To the extent that subsections II, III and IV of this Policy (the “Rule 10D-1 Clawback Requirements”) would provide for recovery of Incentive-Based Compensation recoverable by the Corporation pursuant to Section 304 of the Sarbanes-Oxley Act, in accordance with this subsection V (the “Sarbanes-Oxley Clawback Requirements”) and/or any other recovery obligations (including pursuant to employment agreements, or plan awards), the amount such Executive Officer has already reimbursed the Corporation shall be credited to the required recovery under the Rule 10D-1 Clawback Requirements. Recovery pursuant to the Rule 10D-1 Clawback Requirements does not preclude recovery under the Sarbanes-Oxley Clawback Requirements, to the extent any applicable amounts have not been reimbursed to the Corporation.
VI.ADDITIONAL CLAWBACKS AT THE DISCRETION OF THE BOARD
Notwithstanding anything to the contrary in this policy, if the Corporation is required to prepare an accounting restatement due to material non-compliance with any financial reporting requirement under any applicable securities law and/or any act of fraud breach of fiduciary duty or willful or reckless misconduct in the performance of the Executive Officer’s duties that resulted in or contributed to the restatement, the Board may, in its sole discretion, determine to recover, on an after-tax basis, any incentive-based compensation paid or granted to any Executive Officer, including (a) the Executive Officer's incentive awards paid or granted under the Corporation's annual or long-term cash incentive compensation program; (b) any stock options or other equity-based awards (or any amount attributable to such awards) paid or granted to the Executive Officer under the Corporation's long-term equity incentive programs; and (c) any other incentive-based compensation paid or granted pursuant any other award made by the Corporation to the Executive Officer, up to an aggregate amount that shall not exceed the difference between (i) the value of the incentive-based compensation paid or granted to such Executive Officer during the Clawback Period and (ii) the value of the incentive-based compensation that would have been paid or granted to such Executive Officer in the absence of such accounting restatement and/or any related act of fraud or breach of fiduciary duty or willful or reckless misconduct, as determined in good faith by the Board.

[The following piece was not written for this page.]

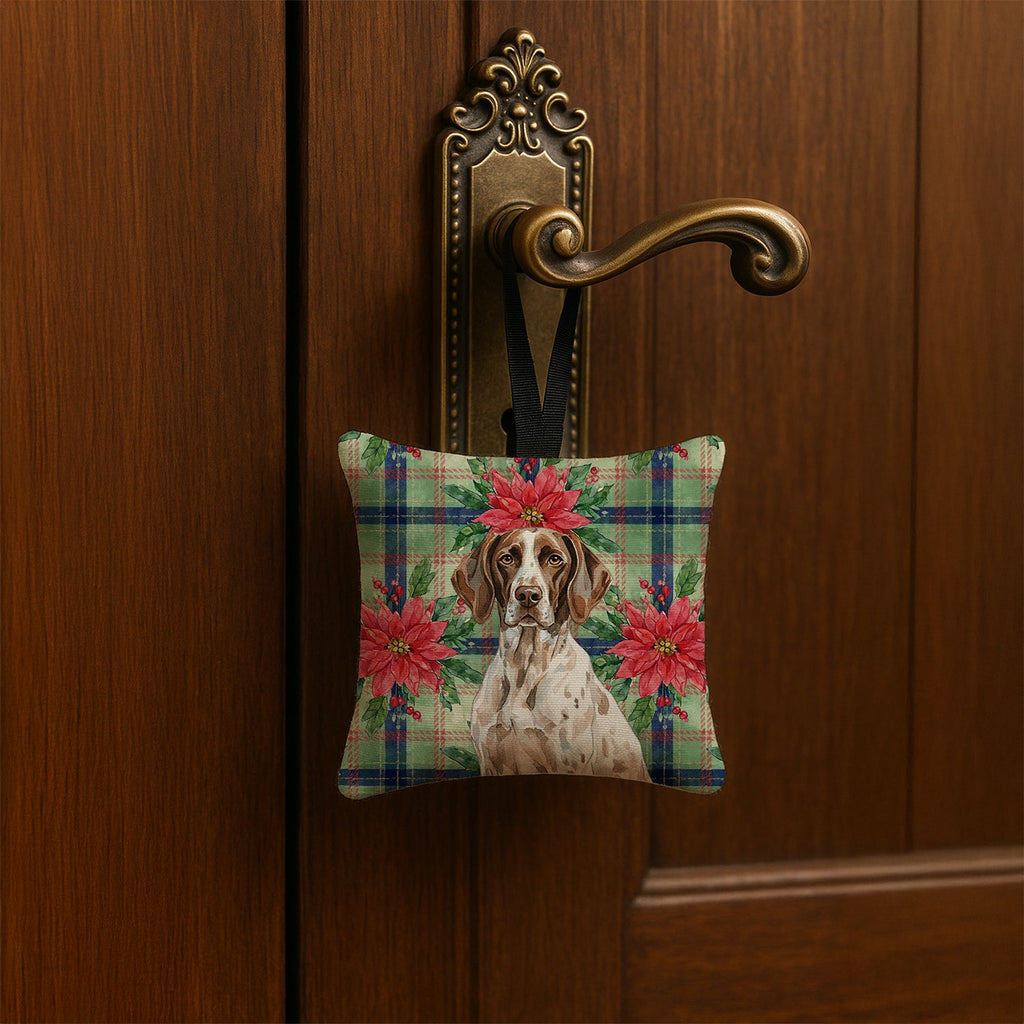 German Shorthaired Pointer Christmas PoinsettIas Hanging Square Fabric Ornament 3.5 � 3.5 Decorative Door-Knob & Tree Hanger, Soft Fabric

For the avoidance of doubt, the amount of incentive-based compensation that the Board may elect to clawback pursuant to this provision may exceed the amount that the Corporation is required to clawback pursuant to applicable law; provided, that this provision shall be applied without duplication of any amount required to be clawed back pursuant to applicable law.
VII.INDEMNIFICATION
The Corporation will not indemnify or provide insurance to cover any repayment of Incentive-Based Compensation in accordance with this Policy.
VIII.REVIEWED AND APPROVED
The CFO and the Senior Vice President, Corporate Services Officer are the officers responsible for this Policy.

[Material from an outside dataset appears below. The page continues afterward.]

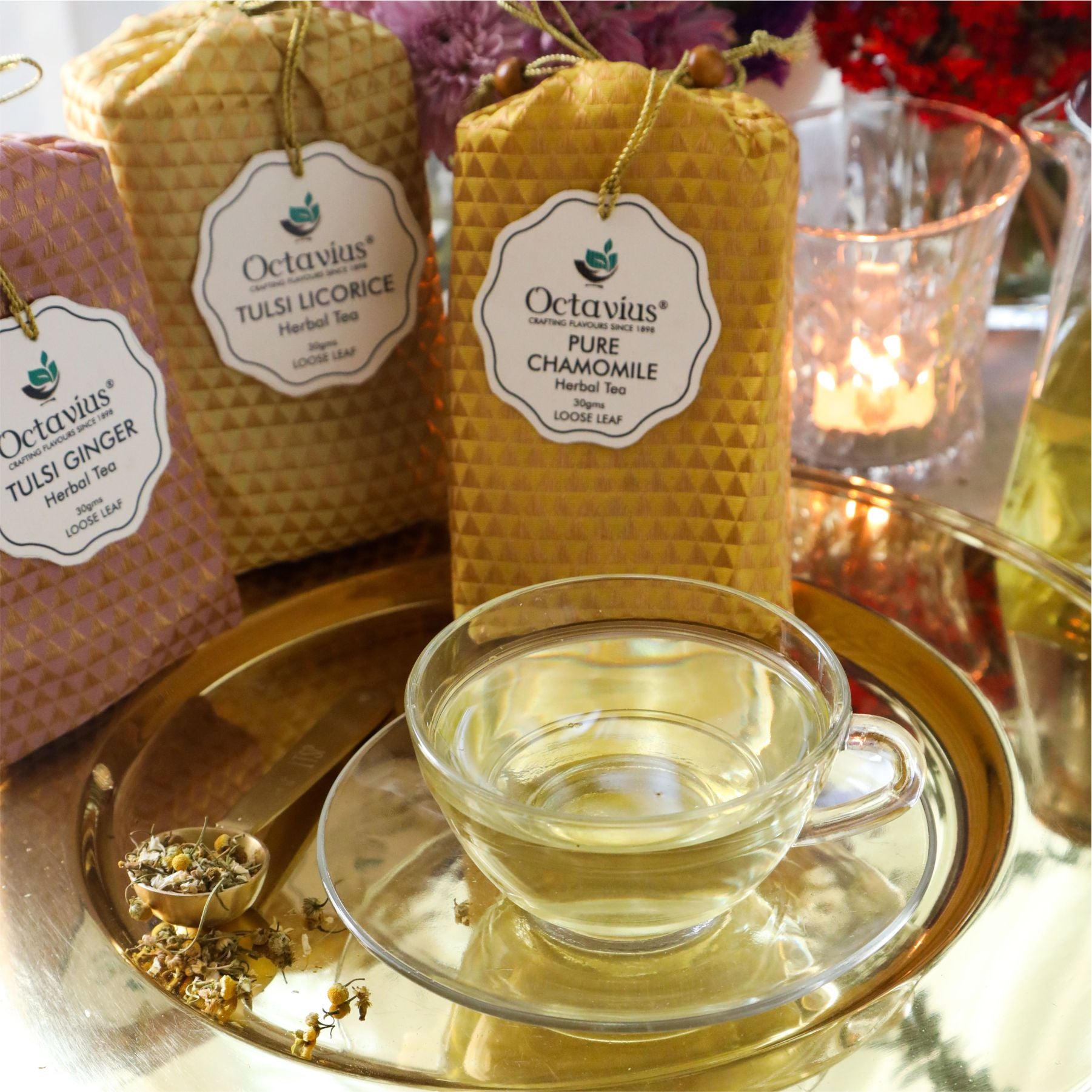 Wellness Caffeine Free Teas- Festive Range (Tulsi Ginger , Tulsi Licorice, Pure Chamomile)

This Policy will be reviewed by the Human Resources, Health and Compensation Committee at least annually, who will recommend any changes to the Board for approval.
This Policy was approved by the Board of Directors of the Corporation on November 2, 2023.
NOVEMBER 2023


IX.RELATED POLICIES
The following policies relate to the subject matter of this Policy:
Code of Ethics Policy (Canada)
Code of Ethics Policy (US)
Whistleblower Policy
X.SUPPORTING DOCUMENTS
Rules and Conventions in support of this Policy may be created and approved by the CFO and the Senior Vice President, Corporate Services Officer.